Saab during the last two decades lost much of the quirkiness that had defined the carmaker as GM pushed it to share parts, engines and chassis with Opel and other brands in the group. In 2009, crisis-hit GM put Saab on the block as one of four brands marked for sale or liquidation.
Saab today proposed Guy Lofalk, the Swedish lawyer who oversaw its reorganization under GM two years ago, to handle the restructuring. The administrator can apply for state guarantees to pay workers and Saab expects wages to be paid shortly after court approval, it said.
“A reorganization would be much quicker than a bankruptcy process in ensuring that our members get their state salary guarantee,” said Darko Davidovic, counsel at the IF Metall union, which represents about 1,500 Saab workers. “It also gives Saab another chance.”
Saab owes suppliers about 150 million euros, Muller said, adding that the carmaker is “pretty” close to securing a bridge loan. The CEO has vowed to pay back 100 percent of the money, Lars Holmqvist, president of Clepa, the European auto supplier group, said at an industry conference in Gothenburg, Sweden.
“I’m still skeptical about Saab’s chances but am actually more optimistic than I was a week ago,” Holmqvist said in an interview.
Saab sales peaked at 133,000 vehicles in 2006 and have been on a downward trajectory since then. Last year it sold 31,696 cars, below an original target of between 50,000 and 60,000.
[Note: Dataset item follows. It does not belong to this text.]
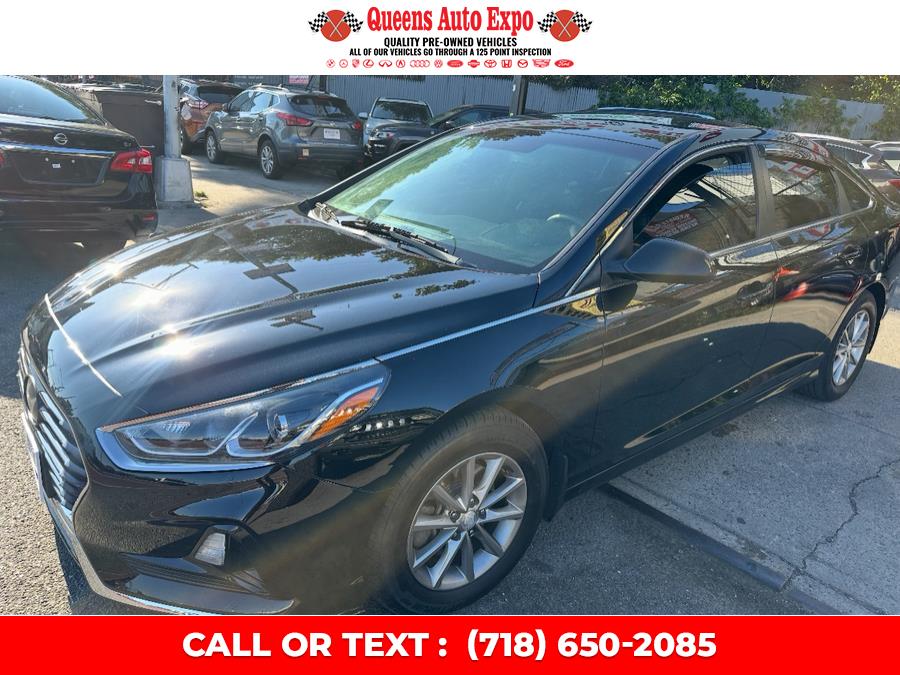 2018 Hyundai Sonata SE 2.4L SULEV, available for sale in Woodside, New York | Queens Auto Expo. Woodside, New York 2018 Hyundai Sonata SE 2.4L SULEV, available for sale in Woodside, New York | Queens Auto Expo. Woodside, New York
“We have done everything we can, given that we have to safeguard taxpayers’ money and not risk it in very insecure businesses,” Swedish Finance Minister Anders Borg told reporters in Stockholm.
Financing to exit reorganization would be provided by agreements with Pang Da Automobile Trade Co. and Zhejiang Youngman Lotus Automobile Co. if they receive approval, the carmaker said.
Swedish Automobile agreed in June to sell a 29.9 percent stake to Zhejiang Youngman for 136 million euros. Pang Da, China’s biggest dealer by market value, offered to pay 109 million euros for a 24 percent stake. Regulators and GM must still approve the deals.
“ We don’t want to see them go bankrupt,” Huang Zhiqiang, head of Zhejiang Youngman’s sales unit, said in an e-mail. “If they do so, they’ll suffer major losses to their assets, especially to their brands.”
Ally Financial Inc., Saab’s financing partner in the U.S. and Europe, said it would continue to provide loans to Saab dealers and consumers during the reorganization process, the company said today.
“We still have some hopes, but when they can’t pay salaries you know it’s near the end,” said Maria Salo, who runs a cleaning firm in Trollhaettan and whose husband works at Saab doing equipment maintenance. “I’m just glad we both don’t work there.”